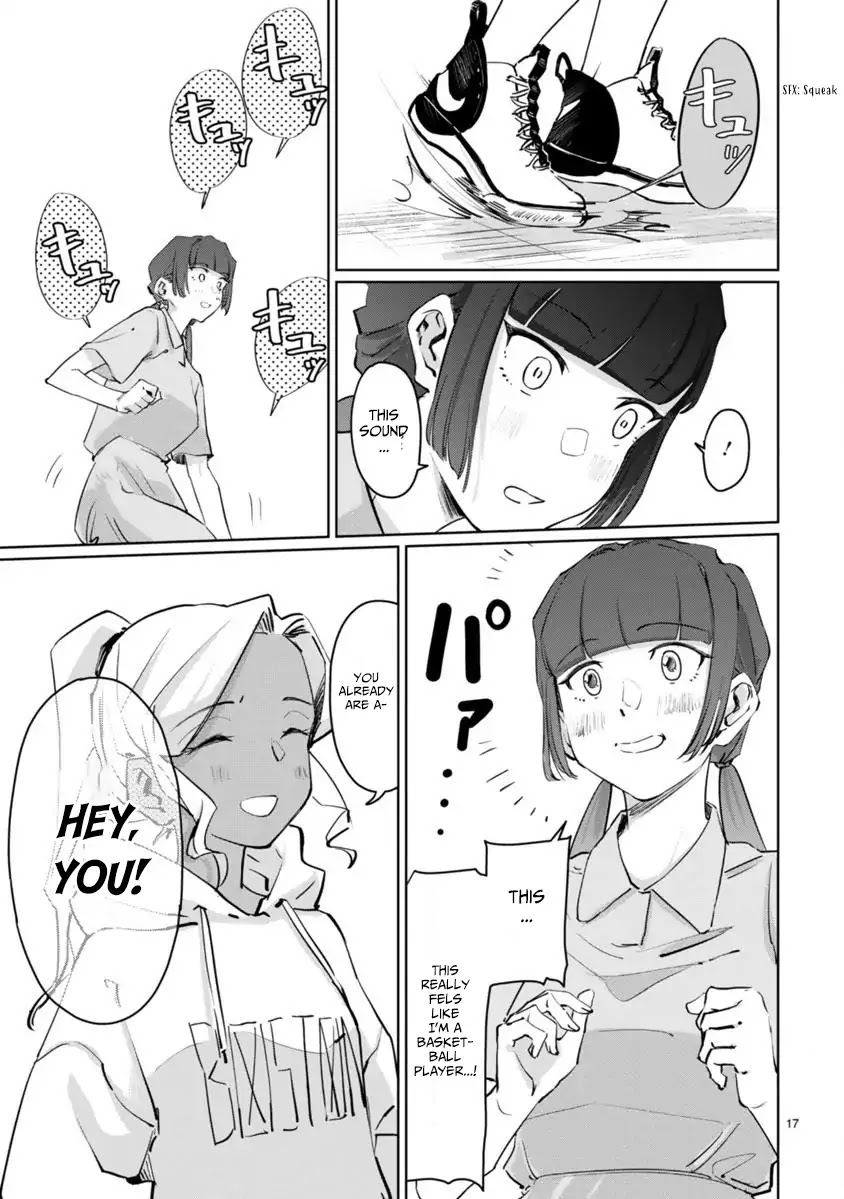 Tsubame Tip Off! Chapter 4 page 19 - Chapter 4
=====
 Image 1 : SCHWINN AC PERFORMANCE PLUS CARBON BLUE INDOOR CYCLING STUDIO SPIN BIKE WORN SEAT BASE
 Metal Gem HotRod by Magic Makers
=====
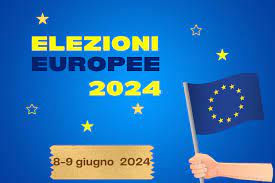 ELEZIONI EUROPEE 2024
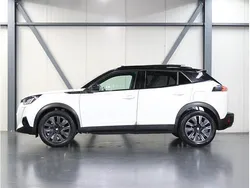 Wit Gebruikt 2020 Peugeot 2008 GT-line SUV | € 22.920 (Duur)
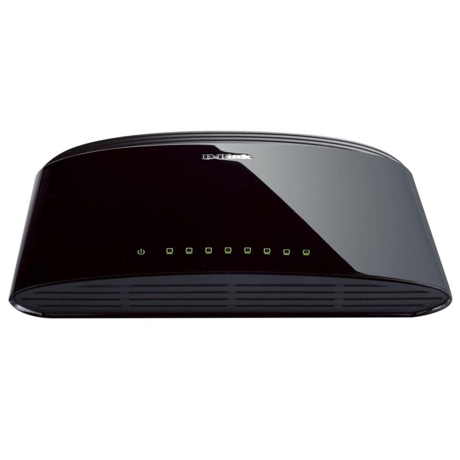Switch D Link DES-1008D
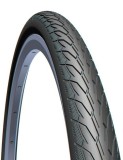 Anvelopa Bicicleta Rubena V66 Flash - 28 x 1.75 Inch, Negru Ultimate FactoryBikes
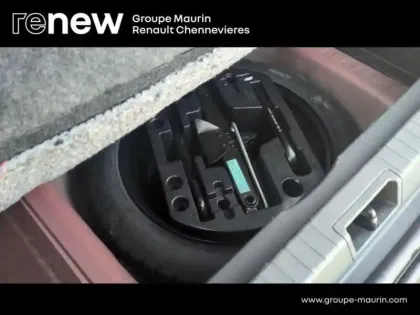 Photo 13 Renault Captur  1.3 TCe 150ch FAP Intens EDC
=====
ACTION ITEM> Start with the line above that contains "Image 1 : SCHWINN" and stop after the line that contains "Metal Gem HotRod by Magic Makers". Output those lines exactly, and only those.

RESPONSE TO THE TASK>
 Image 1 : SCHWINN AC PERFORMANCE PLUS CARBON BLUE INDOOR CYCLING STUDIO SPIN BIKE WORN SEAT BASE
 Metal Gem HotRod by Magic Makers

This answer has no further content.